History for Fantasy Writers: How to Cross a River

That scene in The Fellowship of the Ring, the one where Frodo and Sam cross the Brandywine, has always bothered me. How did hobbits, famously averse to water travel, know how to steer the raft? Wouldn’t they have been carried by the current a mile or two downstream?

In the book, Tolkien has Merry push off with a pole, but otherwise tells us nothing about how the flat ferry gets across. In illustrations, the other landing is usually directly across. How the heck did they manage to fight the current? The movie glosses over it even more obliquely.

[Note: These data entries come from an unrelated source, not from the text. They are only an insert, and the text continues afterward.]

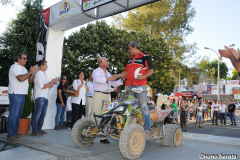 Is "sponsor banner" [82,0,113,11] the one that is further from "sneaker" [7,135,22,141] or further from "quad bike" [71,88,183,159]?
"sneaker" [7,135,22,141]

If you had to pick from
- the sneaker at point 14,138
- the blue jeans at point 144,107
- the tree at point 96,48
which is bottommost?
the sneaker at point 14,138

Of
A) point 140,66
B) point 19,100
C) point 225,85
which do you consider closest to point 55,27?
point 19,100

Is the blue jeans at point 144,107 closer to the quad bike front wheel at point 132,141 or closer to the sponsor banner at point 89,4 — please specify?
the quad bike front wheel at point 132,141

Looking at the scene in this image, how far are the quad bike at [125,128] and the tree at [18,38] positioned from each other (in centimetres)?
1561

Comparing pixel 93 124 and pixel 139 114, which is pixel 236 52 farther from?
pixel 93 124

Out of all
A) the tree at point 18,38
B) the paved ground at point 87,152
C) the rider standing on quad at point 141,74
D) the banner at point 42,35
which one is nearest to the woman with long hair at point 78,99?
the paved ground at point 87,152

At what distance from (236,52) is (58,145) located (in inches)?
156

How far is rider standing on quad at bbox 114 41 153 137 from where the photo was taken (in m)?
4.12

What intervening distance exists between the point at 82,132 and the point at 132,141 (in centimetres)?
125

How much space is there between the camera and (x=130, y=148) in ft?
11.6

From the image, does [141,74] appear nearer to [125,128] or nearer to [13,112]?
[125,128]

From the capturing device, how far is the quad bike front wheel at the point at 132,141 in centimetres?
351

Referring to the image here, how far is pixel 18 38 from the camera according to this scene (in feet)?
60.5

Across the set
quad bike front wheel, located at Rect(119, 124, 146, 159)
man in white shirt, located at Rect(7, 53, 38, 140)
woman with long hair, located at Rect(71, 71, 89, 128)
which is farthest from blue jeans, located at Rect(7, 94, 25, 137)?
quad bike front wheel, located at Rect(119, 124, 146, 159)
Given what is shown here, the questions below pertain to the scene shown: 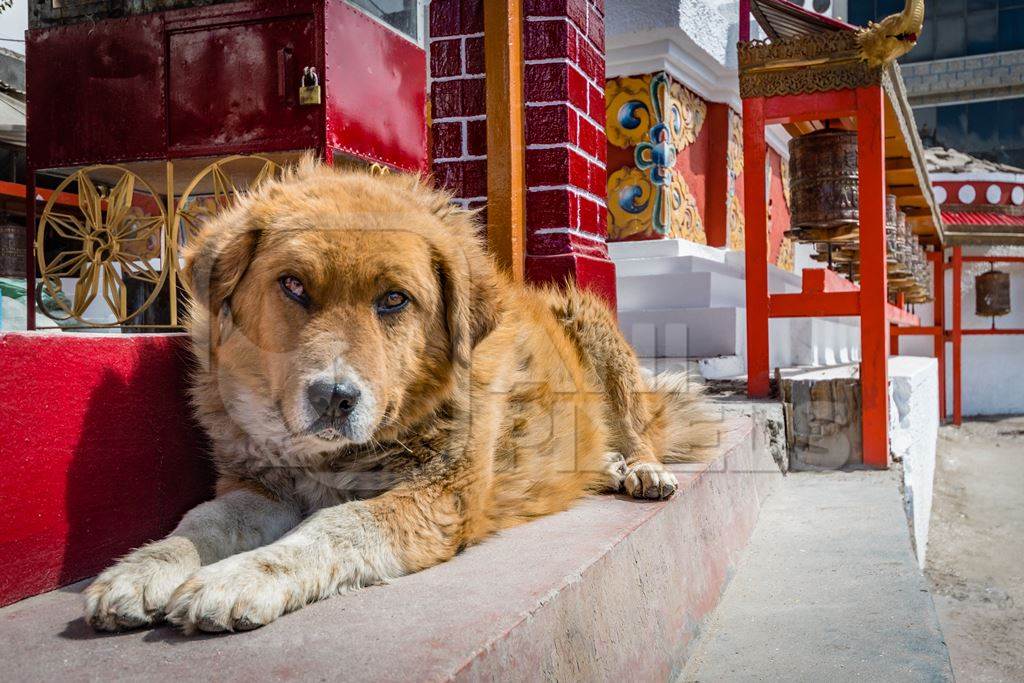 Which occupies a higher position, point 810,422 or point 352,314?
point 352,314

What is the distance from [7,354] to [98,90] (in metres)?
3.20

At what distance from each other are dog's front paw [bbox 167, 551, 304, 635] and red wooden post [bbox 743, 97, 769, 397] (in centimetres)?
424

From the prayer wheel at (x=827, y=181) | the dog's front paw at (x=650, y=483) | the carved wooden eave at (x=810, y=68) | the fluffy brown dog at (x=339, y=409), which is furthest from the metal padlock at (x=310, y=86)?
the prayer wheel at (x=827, y=181)

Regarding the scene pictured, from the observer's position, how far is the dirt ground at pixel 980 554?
13.1 ft

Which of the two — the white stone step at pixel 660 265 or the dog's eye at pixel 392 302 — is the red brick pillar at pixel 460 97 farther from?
the white stone step at pixel 660 265

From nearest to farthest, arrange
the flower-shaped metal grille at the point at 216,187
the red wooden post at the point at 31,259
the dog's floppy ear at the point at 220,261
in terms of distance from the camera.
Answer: the dog's floppy ear at the point at 220,261
the flower-shaped metal grille at the point at 216,187
the red wooden post at the point at 31,259

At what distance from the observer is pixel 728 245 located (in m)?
7.44

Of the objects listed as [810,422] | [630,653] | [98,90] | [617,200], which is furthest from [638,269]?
[630,653]

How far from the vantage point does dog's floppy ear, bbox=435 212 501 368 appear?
83.7 inches

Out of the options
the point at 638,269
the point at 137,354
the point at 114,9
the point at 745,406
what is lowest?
the point at 745,406

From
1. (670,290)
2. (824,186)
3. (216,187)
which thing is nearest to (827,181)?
(824,186)

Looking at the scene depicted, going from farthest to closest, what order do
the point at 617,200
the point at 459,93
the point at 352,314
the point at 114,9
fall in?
the point at 617,200, the point at 114,9, the point at 459,93, the point at 352,314

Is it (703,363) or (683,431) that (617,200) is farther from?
(683,431)

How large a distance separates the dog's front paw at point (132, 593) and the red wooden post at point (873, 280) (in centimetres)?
439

This business with pushing a raft or barge with a pole assumes too much. First, it assumes the river has a more or less constant depth from one bank to the other. If it gets too deep, the pole won’t touch the bottom. If it’s too shallow, the raft runs aground. How many rivers do you know with these characteristics? Second, it assumes there never develops either a sandbar or a sinkhole, both of which are fairly common river events. Third, it assumes the river’s depth doesn’t change significantly with the seasons.

We’ll come back to this question of crossing via some sort of transport. First, let’s take the easy way.

Whatever You Can Af-ford

The oldest means of crossing a river is a ford. This sounds simple on the face of it: cross where the water ain’t. Finding a shallow spot in a river is an uncertain business, though. Your hero isn’t going to know where such spots are, and trial and error is both slow and dangerous. Moreover, just because a spot was fordable last year doesn’t mean it’s fordable this year;  rivers have the dangerous trait of changing depth depending on time of year, and they change course over time.

Maps are all but useless because of this. True, there are some fords that have remained in place for years, decades, even generations, but most rivers shift their course over time, which means fordable crossings change as well. The medieval traveler would never trust a map without also checking with the locals.

So, our hero is going to have to ask the locals. This is fine, so long as you can trust them. There is more than one account where the locals have volunteered to an invading army that they know a “secret” ford a little further upstream. Few things are more catastrophic for an army than to be caught by the enemy mid-stream in deep water.

Moreover, asking the locals for such information is certainly going to draw some attention. Our hero might be better off working on his own. If the river is small enough, he can simply wade in. If he’s lucky, the water never rises above his knees, and he’s over. If he’s unlucky, he hits a sinkhole, loses his pack, loses his horse, maybe loses his life. He can try the same gamble on bigger rivers, but the risks go up. The speed of the current becomes a factor. A river in high flood can reach speed of 10 to 15 miles per hour, which is more than enough to sweep any creature off their feet, especially when the water gets above the creature’s knees. That’s true for everything from ponies to dragons.

The rule about knee-high works for wheeled vehicles as well. As long as the water is below the axle, you’re probably okay, but the real issue isn’t the cart, it’s the horse. Keep the water below the knees. If pressed, you can go deeper, but things get much more risky very quickly, and if the horse goes down, the wagon is lost.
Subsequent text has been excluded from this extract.